● **BRIEF**
Every line of the data below should be repeated exactly, and no picture should be copied.

● **AVAILABLE DATA**

──────────

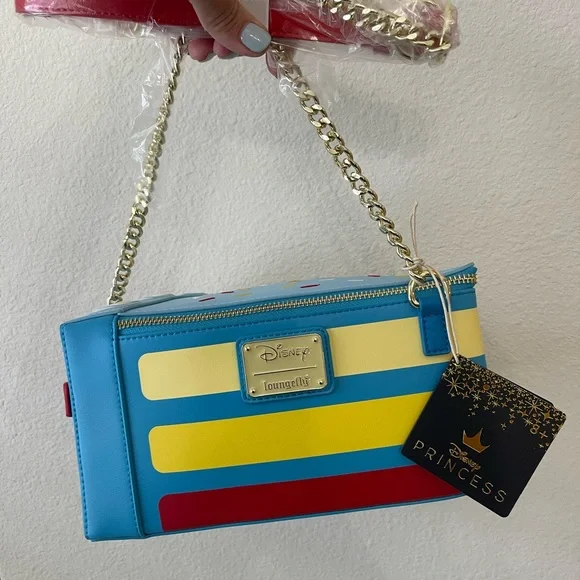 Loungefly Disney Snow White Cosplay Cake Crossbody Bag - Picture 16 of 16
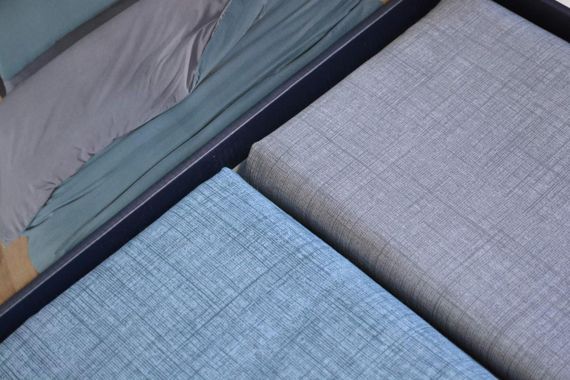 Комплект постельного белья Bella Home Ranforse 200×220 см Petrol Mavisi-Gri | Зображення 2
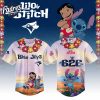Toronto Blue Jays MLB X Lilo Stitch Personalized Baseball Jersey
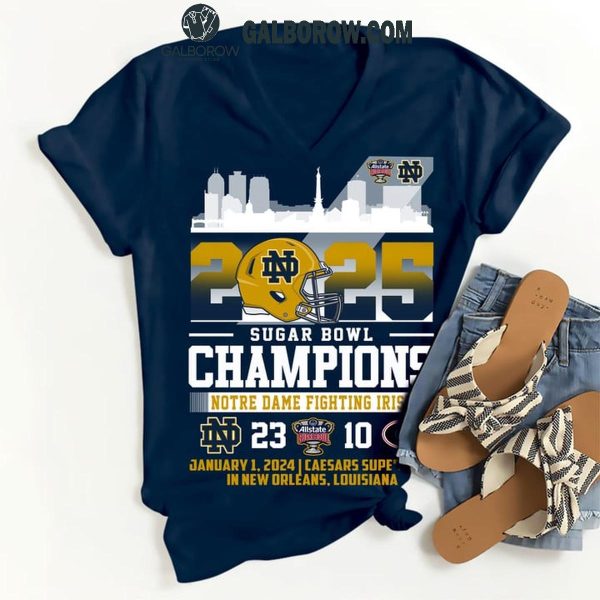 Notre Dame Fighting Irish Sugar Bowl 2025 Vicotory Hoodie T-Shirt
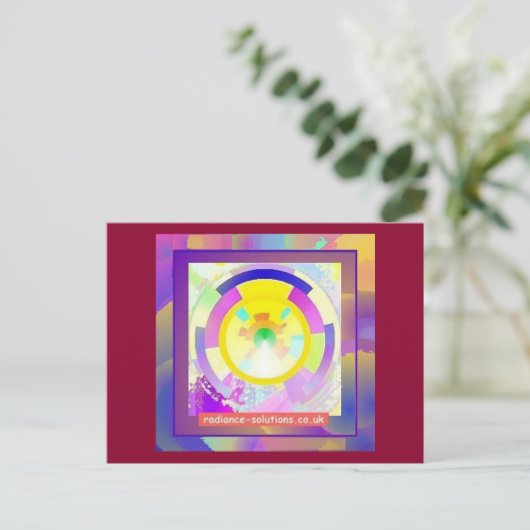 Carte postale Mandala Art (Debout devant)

──────────

● **ANSWER BELOW**
 Loungefly Disney Snow White Cosplay Cake Crossbody Bag - Picture 16 of 16
 Комплект постельного белья Bella Home Ranforse 200×220 см Petrol Mavisi-Gri | Зображення 2
Toronto Blue Jays MLB X Lilo Stitch Personalized Baseball Jersey
 Notre Dame Fighting Irish Sugar Bowl 2025 Vicotory Hoodie T-Shirt
 Carte postale Mandala Art (Debout devant)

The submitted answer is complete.